対象とするタンパク質(たとえば、抗体および抗体フラグメントを含む、イムノグロブリン)と関連して使用される場合の用語「修飾」は、限定するものではないが、1つまたは複数のアミノ酸の変化(置換、挿入または欠失を含む);化学的な修飾;治療剤または診断剤に対するコンジュゲートによる共有結合性の修飾;標識化(たとえば、放射性核種または様々な酵素で);ペグ化(ポリエチレングリコールでの誘導体化)などの共有結合性のポリマー付着、および非天然アミノ酸の化学的合成による挿入または置換を含む。本発明の修飾されたイムノグロブリンは、本発明の修飾されていない分子の結合(または非結合)特性を保持する。当業者に知られている方法により、抗体などのイムノグロブリン、または他のタンパク質は、「操作された」タンパク質のコード配列が本発明の発現カセットに含まれる前に、標的親和性、選択性、安定性、および/または製造可能性の改善のために、「操作され」または修飾されてよい。
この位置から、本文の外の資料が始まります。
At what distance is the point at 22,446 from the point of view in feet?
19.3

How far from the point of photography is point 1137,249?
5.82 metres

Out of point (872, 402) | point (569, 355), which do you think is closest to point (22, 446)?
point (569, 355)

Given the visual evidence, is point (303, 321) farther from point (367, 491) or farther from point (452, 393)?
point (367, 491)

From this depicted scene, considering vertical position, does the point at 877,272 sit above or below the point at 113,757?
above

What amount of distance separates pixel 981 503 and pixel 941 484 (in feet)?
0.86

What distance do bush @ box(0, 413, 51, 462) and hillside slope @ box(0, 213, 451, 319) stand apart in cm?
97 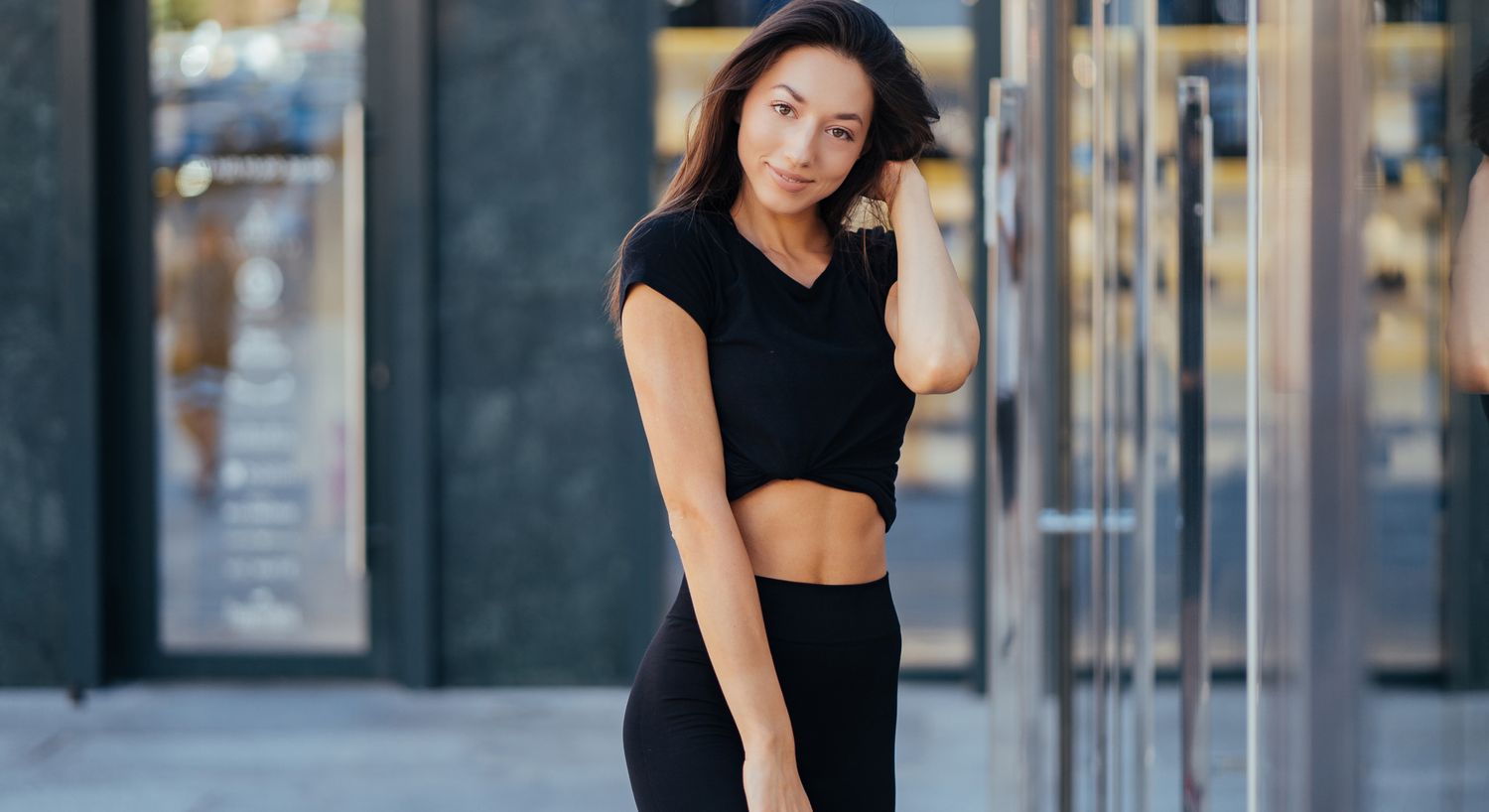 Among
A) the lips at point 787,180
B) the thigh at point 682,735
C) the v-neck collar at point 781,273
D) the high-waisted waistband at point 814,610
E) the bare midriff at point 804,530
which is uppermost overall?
the lips at point 787,180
イムノグロブリン(抗体および抗体フラグメントを含む)などの対象とするタンパク質と関連して使用される場合の用語「誘導体」は、治療剤または診断剤に対するコンジュゲート、標識化(たとえば、放射性核種または様々な酵素で)、ペグ化(ポリエチレングリコールでの誘導体化)などの共有結合性のポリマー付着、および非天然アミノ酸の化学的合成による挿入または置換により、共有結合的に修飾されるタンパク質を指す。本発明の誘導体は、非誘導体化分子の結合特性を保持する。
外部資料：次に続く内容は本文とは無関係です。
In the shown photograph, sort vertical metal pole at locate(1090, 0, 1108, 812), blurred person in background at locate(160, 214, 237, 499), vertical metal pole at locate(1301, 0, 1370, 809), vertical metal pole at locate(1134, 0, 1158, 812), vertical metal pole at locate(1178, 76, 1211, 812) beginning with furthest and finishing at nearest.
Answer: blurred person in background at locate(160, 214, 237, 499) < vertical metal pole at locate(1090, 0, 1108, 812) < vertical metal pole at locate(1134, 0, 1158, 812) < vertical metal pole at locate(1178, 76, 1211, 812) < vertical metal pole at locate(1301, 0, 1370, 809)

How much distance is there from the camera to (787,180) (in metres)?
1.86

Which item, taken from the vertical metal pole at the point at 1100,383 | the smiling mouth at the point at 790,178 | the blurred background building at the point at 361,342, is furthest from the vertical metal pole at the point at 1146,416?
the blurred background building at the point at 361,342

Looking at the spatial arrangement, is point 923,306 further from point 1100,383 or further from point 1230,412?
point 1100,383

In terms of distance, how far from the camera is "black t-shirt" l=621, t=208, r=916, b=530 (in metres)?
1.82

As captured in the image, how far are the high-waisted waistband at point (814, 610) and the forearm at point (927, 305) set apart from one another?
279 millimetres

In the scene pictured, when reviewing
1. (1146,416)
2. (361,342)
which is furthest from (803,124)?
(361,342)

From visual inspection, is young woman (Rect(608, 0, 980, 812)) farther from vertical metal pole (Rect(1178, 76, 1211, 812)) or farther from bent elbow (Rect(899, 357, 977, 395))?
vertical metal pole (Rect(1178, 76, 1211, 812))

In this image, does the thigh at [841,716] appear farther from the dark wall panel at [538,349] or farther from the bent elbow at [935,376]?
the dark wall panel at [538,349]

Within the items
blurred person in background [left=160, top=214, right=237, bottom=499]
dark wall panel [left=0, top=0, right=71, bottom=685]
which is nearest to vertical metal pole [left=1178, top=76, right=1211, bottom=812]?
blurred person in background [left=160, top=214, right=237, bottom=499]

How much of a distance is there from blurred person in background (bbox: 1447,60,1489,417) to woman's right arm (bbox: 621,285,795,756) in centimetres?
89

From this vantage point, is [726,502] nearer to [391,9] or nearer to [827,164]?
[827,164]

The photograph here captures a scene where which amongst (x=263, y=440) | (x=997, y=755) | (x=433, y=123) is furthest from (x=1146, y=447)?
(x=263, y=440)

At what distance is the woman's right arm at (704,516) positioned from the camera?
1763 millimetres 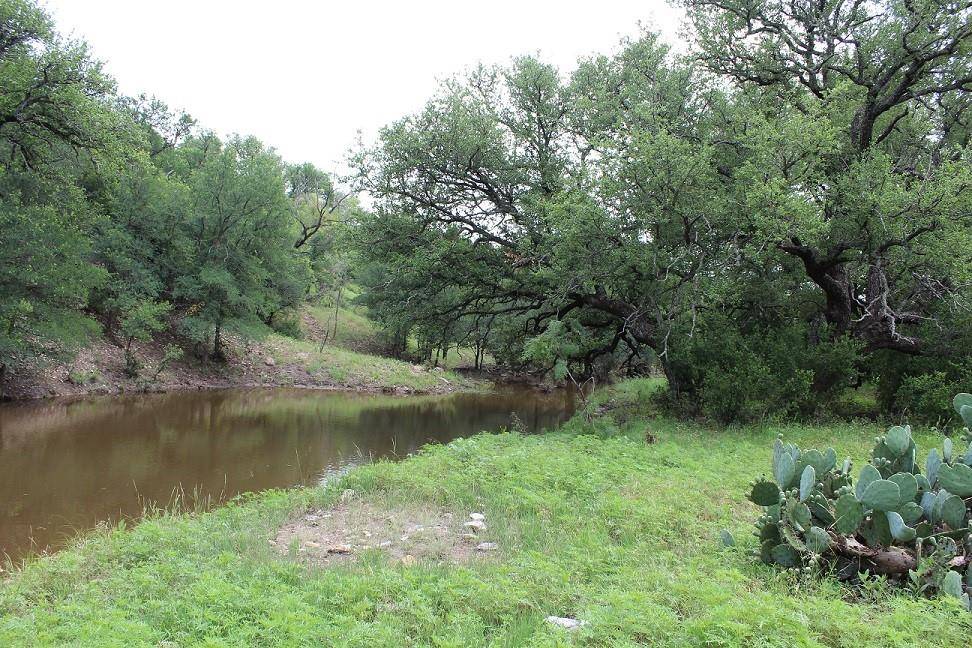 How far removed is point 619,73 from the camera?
15633 mm

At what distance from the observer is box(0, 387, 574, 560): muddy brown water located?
9562 mm

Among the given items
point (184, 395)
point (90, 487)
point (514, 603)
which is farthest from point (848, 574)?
point (184, 395)

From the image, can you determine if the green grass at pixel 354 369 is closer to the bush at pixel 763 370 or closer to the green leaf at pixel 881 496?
the bush at pixel 763 370

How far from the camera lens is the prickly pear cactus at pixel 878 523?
392 centimetres

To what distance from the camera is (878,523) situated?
412cm

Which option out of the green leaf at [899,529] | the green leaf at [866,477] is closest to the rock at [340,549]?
the green leaf at [866,477]

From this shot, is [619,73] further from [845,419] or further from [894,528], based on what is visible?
[894,528]

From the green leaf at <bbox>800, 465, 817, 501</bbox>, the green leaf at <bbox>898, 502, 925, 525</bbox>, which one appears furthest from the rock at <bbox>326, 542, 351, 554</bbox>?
the green leaf at <bbox>898, 502, 925, 525</bbox>

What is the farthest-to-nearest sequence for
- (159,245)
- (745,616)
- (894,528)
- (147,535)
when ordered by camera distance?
(159,245) < (147,535) < (894,528) < (745,616)

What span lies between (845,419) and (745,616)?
12.4 meters

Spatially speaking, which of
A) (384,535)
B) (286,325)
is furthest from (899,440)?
(286,325)

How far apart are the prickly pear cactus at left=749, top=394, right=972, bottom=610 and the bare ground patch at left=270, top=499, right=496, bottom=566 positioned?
9.12 ft

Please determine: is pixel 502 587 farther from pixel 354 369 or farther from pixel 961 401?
pixel 354 369

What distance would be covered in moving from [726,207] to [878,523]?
29.3 ft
本発明の範囲内で、対象とするタンパク質は、ヒトの疾患または障害を含むが限定されない、疾患の治療のための治療的タンパク質、または「生物製剤」であってよい。「治療」または「治療する」は、障害の病態の発達を予防するまたは改変する意図で行われる介入である。よって、「治療」は、治療的処置と、予防のまたは防止の手段との両方を指す。治療を必要とするものは、すでに障害を有するもの、および障害が予防されるべきものを含む。「治療」は、軽減;寛解;症状の減少または損傷、病態もしくは症状を患者にとってより容認できるものにすること;変性または減退の速度の遅延;変性の最終点を弱めること;患者の身体または精神の状態を改善することなどの、任意の客観的または主観的なパラメータを含む、損傷、病態または症状の回復における成功のいずれかの指標を含む。症状の治療または回復は、医師または他のヘルスケア供給者による身体検査、患者による自己報告、神経精神症状試験、および/または精神医学的評価の結果を含む、客観的または主観的なパラメータに基づいてよい。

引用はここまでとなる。